Dealing with pruning issues

I spent a holiday looking on the issues in poketsphinx decoding in fwdflat mode. Initially I thought it's a bug but it appeared that it's just a pruning issue. The result looked like this:

INFO: ngram_search.c(1045): bestpath 0.00 wall 0.000 xRT
INFO: <s> 0 5 1.000 -94208 0 1
INFO: par..grafo 6 63 1.000 -472064 -467 2
INFO: terceiro 64 153 1.000 -1245184 -115 3
INFO: as 154 176 0.934 -307200 -172 3
INFO: emendas 177 218 1.000 -452608 -292 3
INFO: ao 219 226 1.000 -208896 -181 3
INFO: projeto 227 273 1.000 -342016 -152 3
INFO: de 274 283 1.000 -115712 -75 3
INFO: lei 284 3059 1.000 -115712 -79 3


Speech recognition is essentially a search for a globally best path in a graph. Beam pruning is used to drop the nodes during the search if node score is worse then the best node like in this picture


If beam is too narrow, the result might not be the globally best one despite its locally the best. In practice it could lead to complex issues like desribed above. See the word "lei" spans about 2k frames which means about 20 seconds. Another sign of overpruning is number of words scored per frame




INFO: ngram_search_fwdflat.c(940): 2931 words recognized (1/fr)
INFO: ngram_search_fwdflat.c(942): 48013 senones evaluated (16/fr)
INFO: ngram_search_fwdflat.c(944): 9586 channels searched (3/fr)
INFO: ngram_search_fwdflat.c(946): 3849 words searched (1/fr)
INFO: ngram_search_fwdflat.c(948): 9602 word transitions (3/fr)

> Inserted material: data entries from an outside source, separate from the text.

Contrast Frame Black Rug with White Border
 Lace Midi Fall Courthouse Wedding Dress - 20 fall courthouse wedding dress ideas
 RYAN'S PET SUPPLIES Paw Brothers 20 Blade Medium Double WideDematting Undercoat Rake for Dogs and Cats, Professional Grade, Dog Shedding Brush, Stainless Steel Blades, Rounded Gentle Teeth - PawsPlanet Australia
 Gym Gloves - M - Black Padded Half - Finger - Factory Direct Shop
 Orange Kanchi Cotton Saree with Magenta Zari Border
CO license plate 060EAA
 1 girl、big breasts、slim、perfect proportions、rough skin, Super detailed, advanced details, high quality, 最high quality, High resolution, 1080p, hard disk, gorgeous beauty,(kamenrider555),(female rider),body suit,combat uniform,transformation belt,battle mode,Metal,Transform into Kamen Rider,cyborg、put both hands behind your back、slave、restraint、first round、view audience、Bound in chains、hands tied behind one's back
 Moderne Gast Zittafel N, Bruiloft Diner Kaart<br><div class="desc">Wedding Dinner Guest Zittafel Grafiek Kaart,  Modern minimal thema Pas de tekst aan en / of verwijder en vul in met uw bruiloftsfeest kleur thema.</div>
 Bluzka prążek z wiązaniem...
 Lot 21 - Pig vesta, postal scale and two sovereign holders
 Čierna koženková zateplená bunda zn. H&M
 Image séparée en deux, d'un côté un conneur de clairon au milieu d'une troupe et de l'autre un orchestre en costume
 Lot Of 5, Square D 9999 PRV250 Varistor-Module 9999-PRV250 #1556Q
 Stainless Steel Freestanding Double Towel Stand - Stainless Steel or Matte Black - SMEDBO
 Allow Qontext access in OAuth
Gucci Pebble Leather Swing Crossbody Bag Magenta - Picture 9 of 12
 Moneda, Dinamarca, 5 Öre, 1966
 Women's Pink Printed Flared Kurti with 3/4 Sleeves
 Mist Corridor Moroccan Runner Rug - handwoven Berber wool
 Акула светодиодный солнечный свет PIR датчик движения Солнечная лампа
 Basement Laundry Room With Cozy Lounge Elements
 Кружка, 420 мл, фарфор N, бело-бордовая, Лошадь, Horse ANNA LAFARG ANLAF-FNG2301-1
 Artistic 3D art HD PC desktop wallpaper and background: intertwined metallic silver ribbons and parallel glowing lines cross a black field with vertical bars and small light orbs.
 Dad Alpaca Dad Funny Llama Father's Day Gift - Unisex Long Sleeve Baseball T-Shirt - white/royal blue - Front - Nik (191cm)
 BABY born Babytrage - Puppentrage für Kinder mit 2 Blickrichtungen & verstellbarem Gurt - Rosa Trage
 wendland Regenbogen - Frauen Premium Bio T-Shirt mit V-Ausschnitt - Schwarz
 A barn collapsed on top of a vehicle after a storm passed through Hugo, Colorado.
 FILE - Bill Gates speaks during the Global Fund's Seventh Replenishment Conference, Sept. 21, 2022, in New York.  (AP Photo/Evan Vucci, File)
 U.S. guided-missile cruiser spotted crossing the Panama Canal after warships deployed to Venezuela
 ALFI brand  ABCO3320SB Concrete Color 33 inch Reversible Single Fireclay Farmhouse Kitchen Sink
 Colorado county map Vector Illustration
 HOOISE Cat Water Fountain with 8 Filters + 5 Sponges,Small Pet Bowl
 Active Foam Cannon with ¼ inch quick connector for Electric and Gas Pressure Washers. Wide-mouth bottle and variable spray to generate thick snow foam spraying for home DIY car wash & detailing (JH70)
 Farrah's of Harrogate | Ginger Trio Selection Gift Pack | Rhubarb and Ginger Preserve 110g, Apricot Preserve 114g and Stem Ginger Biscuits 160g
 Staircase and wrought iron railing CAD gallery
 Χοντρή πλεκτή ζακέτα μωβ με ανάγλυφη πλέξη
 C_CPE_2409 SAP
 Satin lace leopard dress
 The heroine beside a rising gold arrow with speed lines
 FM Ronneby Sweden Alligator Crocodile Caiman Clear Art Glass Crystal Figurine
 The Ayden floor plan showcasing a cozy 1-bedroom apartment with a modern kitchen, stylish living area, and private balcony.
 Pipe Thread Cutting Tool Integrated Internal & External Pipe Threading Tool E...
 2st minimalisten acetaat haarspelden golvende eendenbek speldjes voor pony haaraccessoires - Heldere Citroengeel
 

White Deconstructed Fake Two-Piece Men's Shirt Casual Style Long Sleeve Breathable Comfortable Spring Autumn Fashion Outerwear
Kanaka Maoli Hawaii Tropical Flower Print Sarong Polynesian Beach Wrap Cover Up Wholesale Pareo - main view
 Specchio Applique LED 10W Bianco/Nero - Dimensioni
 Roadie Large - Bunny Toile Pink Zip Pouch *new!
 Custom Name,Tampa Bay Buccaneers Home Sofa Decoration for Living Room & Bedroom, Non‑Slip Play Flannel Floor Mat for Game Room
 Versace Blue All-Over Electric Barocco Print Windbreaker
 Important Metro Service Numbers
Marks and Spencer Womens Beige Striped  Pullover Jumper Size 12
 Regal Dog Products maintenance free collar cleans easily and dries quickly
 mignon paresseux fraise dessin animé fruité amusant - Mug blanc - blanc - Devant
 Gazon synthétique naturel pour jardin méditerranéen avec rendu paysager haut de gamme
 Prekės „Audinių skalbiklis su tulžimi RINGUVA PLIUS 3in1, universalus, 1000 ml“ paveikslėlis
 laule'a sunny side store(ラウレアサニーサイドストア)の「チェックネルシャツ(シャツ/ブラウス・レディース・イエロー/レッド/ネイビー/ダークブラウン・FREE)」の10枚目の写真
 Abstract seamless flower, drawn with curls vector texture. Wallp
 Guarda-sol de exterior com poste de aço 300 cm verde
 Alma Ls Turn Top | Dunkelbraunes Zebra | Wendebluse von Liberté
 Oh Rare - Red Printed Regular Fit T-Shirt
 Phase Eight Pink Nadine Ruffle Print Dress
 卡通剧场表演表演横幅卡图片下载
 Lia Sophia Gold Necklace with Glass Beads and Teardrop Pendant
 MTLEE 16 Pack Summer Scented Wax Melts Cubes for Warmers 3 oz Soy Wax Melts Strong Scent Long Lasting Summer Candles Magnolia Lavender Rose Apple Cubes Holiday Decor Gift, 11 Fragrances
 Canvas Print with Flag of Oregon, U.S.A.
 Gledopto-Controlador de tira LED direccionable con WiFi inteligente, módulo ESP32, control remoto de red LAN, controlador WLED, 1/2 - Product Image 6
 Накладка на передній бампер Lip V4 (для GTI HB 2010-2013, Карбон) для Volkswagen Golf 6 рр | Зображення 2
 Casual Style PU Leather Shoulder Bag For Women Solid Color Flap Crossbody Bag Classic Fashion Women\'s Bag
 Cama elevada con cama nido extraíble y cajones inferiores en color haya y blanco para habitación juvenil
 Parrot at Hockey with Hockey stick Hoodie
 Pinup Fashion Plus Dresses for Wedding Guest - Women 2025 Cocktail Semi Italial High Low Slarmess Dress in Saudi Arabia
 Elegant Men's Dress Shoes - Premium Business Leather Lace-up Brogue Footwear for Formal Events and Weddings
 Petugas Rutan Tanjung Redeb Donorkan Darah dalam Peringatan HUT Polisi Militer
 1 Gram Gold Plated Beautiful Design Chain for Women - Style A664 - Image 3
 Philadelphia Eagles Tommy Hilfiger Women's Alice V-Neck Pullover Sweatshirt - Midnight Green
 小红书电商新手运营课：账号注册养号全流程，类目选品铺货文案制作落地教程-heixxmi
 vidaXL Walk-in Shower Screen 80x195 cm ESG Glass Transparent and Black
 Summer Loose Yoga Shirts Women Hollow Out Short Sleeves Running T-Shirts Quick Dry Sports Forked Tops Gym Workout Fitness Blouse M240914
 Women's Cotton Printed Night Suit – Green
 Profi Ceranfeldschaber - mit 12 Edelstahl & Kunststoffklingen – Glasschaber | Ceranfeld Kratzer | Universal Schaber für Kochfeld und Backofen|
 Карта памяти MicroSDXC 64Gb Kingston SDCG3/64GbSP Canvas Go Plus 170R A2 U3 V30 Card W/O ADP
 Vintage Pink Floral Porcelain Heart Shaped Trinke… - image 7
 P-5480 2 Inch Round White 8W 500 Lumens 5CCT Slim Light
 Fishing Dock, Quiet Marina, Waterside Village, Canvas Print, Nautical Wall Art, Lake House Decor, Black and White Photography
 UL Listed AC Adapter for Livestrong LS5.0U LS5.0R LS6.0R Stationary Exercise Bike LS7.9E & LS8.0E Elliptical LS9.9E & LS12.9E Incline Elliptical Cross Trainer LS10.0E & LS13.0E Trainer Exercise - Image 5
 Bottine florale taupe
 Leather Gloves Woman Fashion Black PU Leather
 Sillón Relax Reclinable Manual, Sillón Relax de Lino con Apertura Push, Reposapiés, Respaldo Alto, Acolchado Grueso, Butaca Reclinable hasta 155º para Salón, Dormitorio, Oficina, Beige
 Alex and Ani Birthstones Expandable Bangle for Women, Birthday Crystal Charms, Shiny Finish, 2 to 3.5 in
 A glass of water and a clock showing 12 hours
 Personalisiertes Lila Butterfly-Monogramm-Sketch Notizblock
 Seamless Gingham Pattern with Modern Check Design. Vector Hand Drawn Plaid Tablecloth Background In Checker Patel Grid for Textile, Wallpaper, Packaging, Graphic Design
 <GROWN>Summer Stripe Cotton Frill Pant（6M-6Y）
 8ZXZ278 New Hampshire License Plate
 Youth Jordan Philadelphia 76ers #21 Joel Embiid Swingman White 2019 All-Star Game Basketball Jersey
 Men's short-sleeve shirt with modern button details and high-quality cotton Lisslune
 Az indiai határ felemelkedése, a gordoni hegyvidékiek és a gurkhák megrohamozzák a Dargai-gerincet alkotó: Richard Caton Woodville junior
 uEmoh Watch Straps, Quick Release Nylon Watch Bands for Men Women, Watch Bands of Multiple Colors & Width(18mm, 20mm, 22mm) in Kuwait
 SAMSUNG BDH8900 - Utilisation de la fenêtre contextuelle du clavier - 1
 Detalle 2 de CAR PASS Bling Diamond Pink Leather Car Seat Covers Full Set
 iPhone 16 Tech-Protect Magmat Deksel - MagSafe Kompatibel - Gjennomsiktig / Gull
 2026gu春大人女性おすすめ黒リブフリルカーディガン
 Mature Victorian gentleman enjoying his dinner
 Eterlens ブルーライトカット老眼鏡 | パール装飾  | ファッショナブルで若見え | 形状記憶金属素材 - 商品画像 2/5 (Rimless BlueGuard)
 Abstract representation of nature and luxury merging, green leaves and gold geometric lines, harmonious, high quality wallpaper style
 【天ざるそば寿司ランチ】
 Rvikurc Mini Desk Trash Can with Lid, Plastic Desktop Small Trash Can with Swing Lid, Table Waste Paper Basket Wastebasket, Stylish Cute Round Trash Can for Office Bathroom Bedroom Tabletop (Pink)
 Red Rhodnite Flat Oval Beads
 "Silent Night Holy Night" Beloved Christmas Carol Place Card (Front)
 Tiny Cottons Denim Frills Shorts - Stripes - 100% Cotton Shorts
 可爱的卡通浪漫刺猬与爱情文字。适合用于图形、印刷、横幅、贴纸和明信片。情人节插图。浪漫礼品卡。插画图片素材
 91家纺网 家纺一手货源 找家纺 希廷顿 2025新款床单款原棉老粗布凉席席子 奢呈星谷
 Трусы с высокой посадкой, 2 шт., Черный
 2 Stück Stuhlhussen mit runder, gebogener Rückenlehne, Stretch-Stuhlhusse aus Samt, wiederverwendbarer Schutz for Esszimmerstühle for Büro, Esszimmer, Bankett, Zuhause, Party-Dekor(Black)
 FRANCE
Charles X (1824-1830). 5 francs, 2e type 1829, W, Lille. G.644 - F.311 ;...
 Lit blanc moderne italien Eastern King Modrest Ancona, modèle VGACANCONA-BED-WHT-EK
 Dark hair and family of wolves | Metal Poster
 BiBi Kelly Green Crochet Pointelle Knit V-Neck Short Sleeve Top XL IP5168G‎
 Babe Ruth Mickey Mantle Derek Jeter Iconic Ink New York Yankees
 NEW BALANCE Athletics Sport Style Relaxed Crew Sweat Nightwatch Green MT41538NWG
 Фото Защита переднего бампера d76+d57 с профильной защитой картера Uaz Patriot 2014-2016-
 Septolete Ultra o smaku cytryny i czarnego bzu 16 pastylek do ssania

If you have just one word per frame it's likely an issue.

More detailed behaviour can be seen if debugging in enabled in sources
#define __CHAN_DUMP__ 1


You'll see something like

BEFORE:
SSID 2866 610 611 (2608)
SENSCR -604 -215 -371
SCORES -1014874 -583095 -583097 -583223
HISTID 170 170 170 170
AFTER:
SSID 2866 610 611 (2608)
SENSCR -604 -215 -371
SCORES -1015481 -583315 -583317 -583489
HISTID 170 170 170 170
BEFORE:
SSID 2866 610 611 (2608)
SENSCR -568 -122 -358
SCORES -1015481 -583315 -583317 -583489
HISTID 170 170 170 170
AFTER:
SSID 2866 610 611 (2608)
SENSCR -568 -122 -358
SCORES -1016052 -583442 -583444 -583696
HISTID 170 170 170 170


So you see only one HMM per frame is scored and it doesn't generate any other HMMs

Since those issues are hard to notice since today we will also issue you a warning in the decoder log. It will look like this:

WARNING: "ngram_search.c", line 404: Word 'lei' survived for 2764 frames, potential overpruning
WARNING: "ngram_search.c", line 404: Word 'lei' survived for 2765 frames, potential overpruning


So you'll be warned if something will go wrong.

It's very easy to forget about pruning issues because they are not really visible. You'll only get a drop in the accuracy and you might not notice it. And you might think it's a model accuracy not a search accuracy. In practice you need always remember about that:

Search space configuration and settings have certain effect on the final accuracy and speed.

Default settings are often wrong for modified models. If you have a new model you need to review all the configuration parameters in order to make sure they work. If there are many parameters, you need to check all of them.

If pruning errors in your decoder have very small effect it means you haven't optimized your search space properly. You can definitely do better.



At least we might want to report more useful metrics about pruning in the future.